- [Dataset entries]:

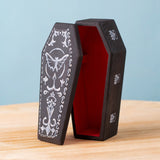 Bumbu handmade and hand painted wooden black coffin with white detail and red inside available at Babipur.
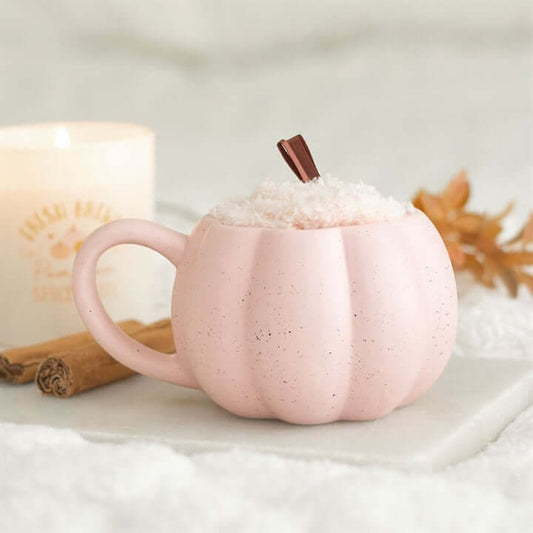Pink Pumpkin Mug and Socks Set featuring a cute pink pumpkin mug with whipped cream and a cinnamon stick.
* * *
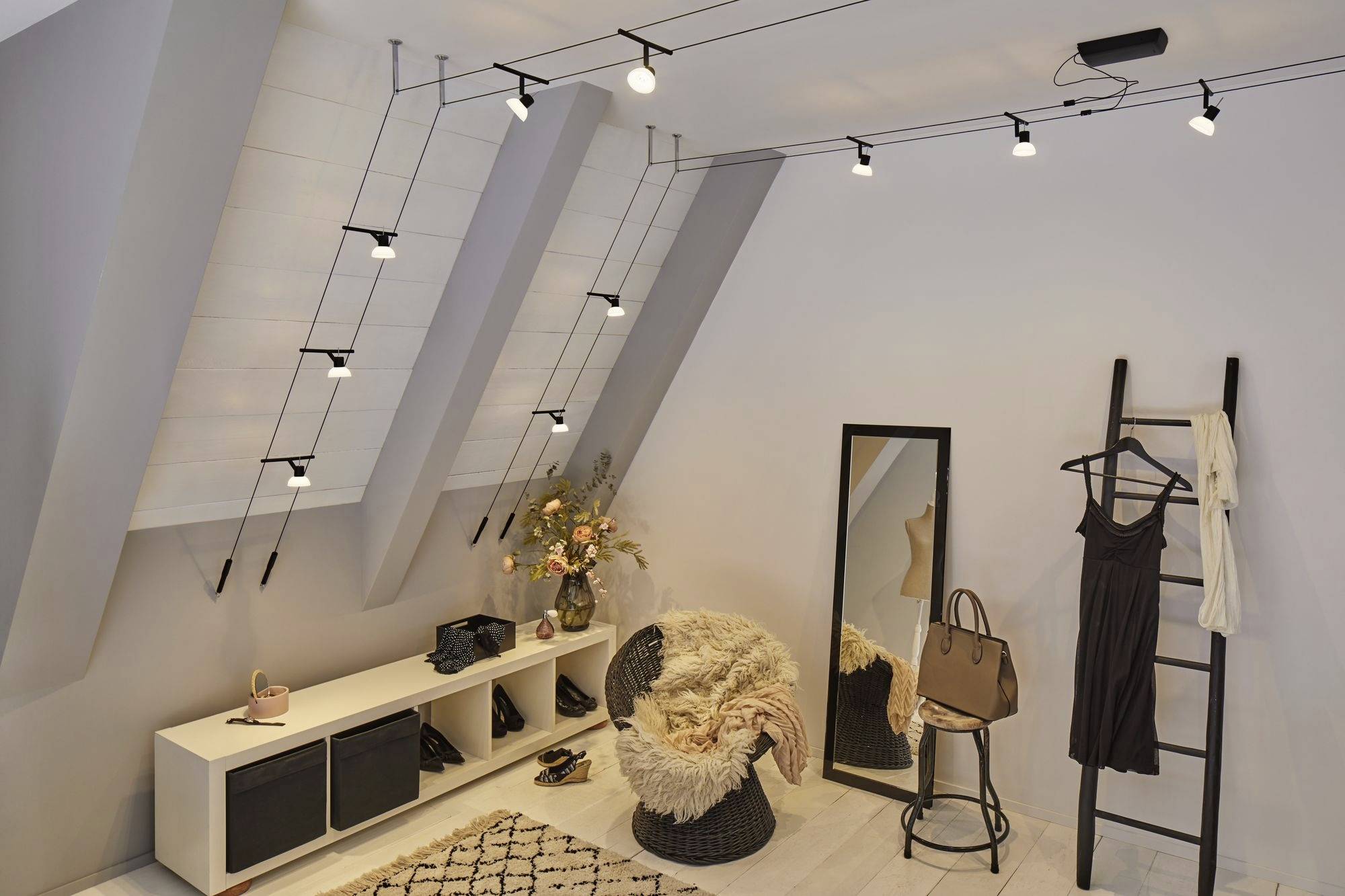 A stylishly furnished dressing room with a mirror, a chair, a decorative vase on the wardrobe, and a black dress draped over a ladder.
* * *
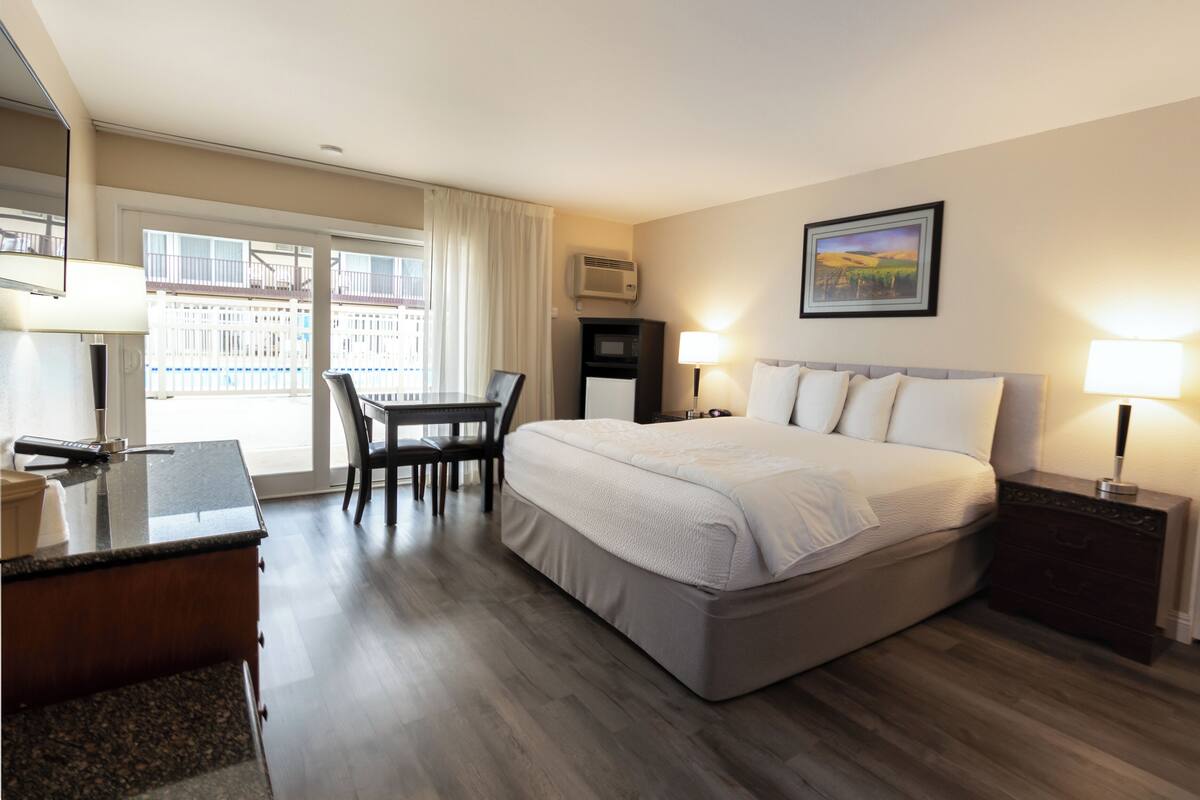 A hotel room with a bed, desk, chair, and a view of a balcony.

- [What you are asked to do]:
In the listing above, find the line with "Bumbu handmade and" and the line with "Pink Pumpkin Mug and". Output both, plus every line between them, and no pictures.

- [Answer to the problem]:
 Bumbu handmade and hand painted wooden black coffin with white detail and red inside available at Babipur.
Pink Pumpkin Mug and Socks Set featuring a cute pink pumpkin mug with whipped cream and a cinnamon stick.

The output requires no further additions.